Monday, 10 October 2016

Not having a Parliamentary vote on Brexit is a mistake....

I think Theresa May's decision not to have a Parliamentary vote on Brexit is a mistake.

Firstly, because it means that it's all on her. Without a mandate from Parliament the "bumpy ride" of Brexit is sure to end up with a blame game occurring. And without even being able to have a whipped operation of her own MPs behind her, that normal human nature in face of blame will be to ask who else, or who is majorly to blame.

Secondly, her Ministers for Brexit have already shown form on blaming anyone or anything than the idea of Brexit or themselves. At the last count, if Brexit fails it will either be because

- Remainers talk down the pound (?!)
- The Chancellor is "grieving" about Brexit (!?!?)
- British business spends too long on the golf course (?)

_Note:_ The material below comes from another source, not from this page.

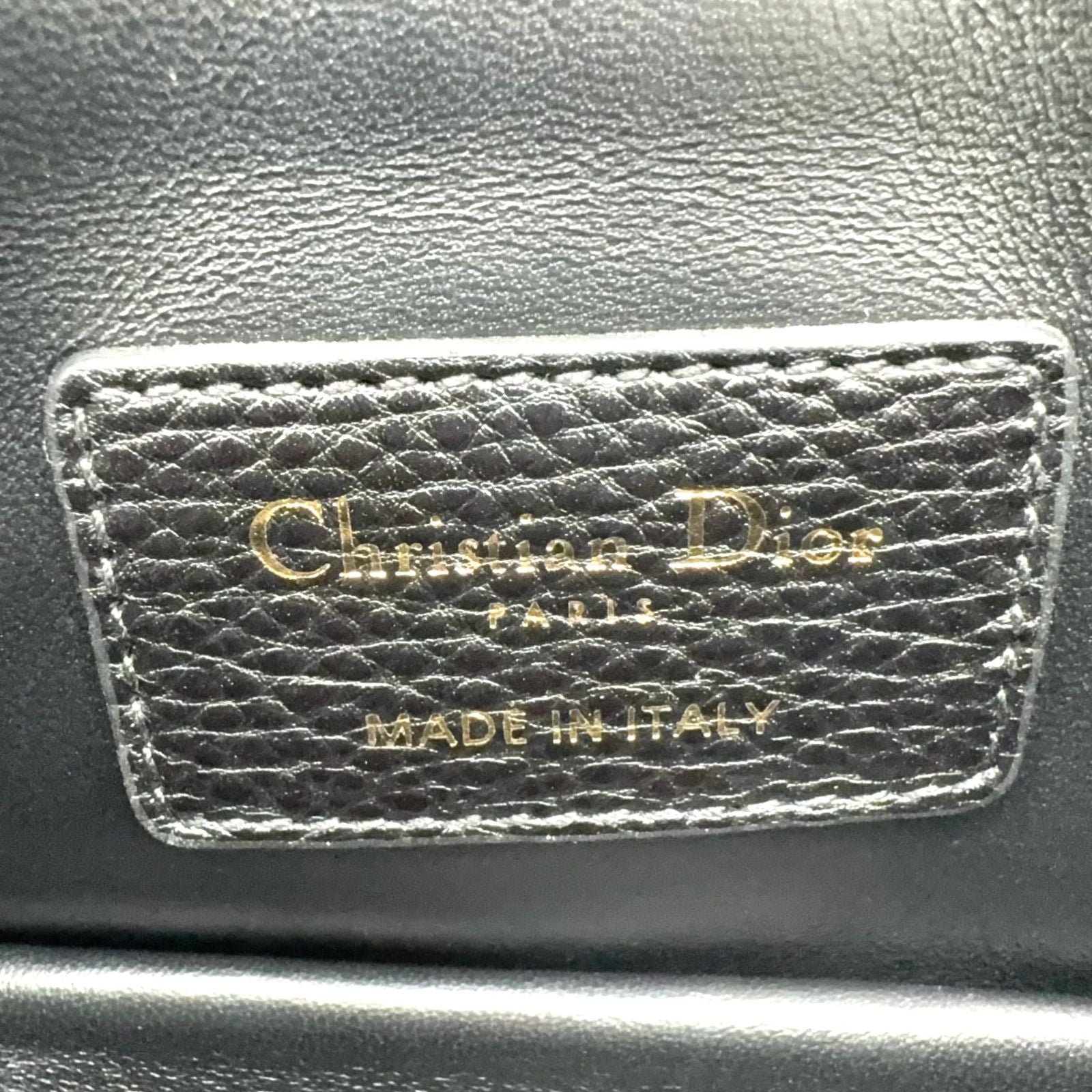 Dior Caro Micro Leather Black Shoulder Bag Gold — view 4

How much easier would it be just to blame the PM?

Thirdly, change management is mostly about bringing people with you, not telling them there are many, many reasons why you don't even get to express your view. This is the point of consultations, so people feel listened to and so you get feedback on possible elephant traps in your plan. Not doing this means people feel aggrieved and concerned, and start talking to each other.

If Tony Blair hadn't had a Parlimentary vote on the Iraq War, I don't think he would have survived as long as he did as the war descended further into chaos, he did have the fact that most of the Government and Opposition had backed his stance. I think Theresa May not doing this over Brexit is very risky indeed.

Fourthly, it is untrue to say there is not a government in waiting for this Government to fall to. There is, it is headed up by George Osborne (or possibly Boris Johnson) and it would be comprised of all the MPs sacked by Mrs May and currently waiting quietly on the Tory backbenchs.

Don't count your Brexit chickens until they are hatched.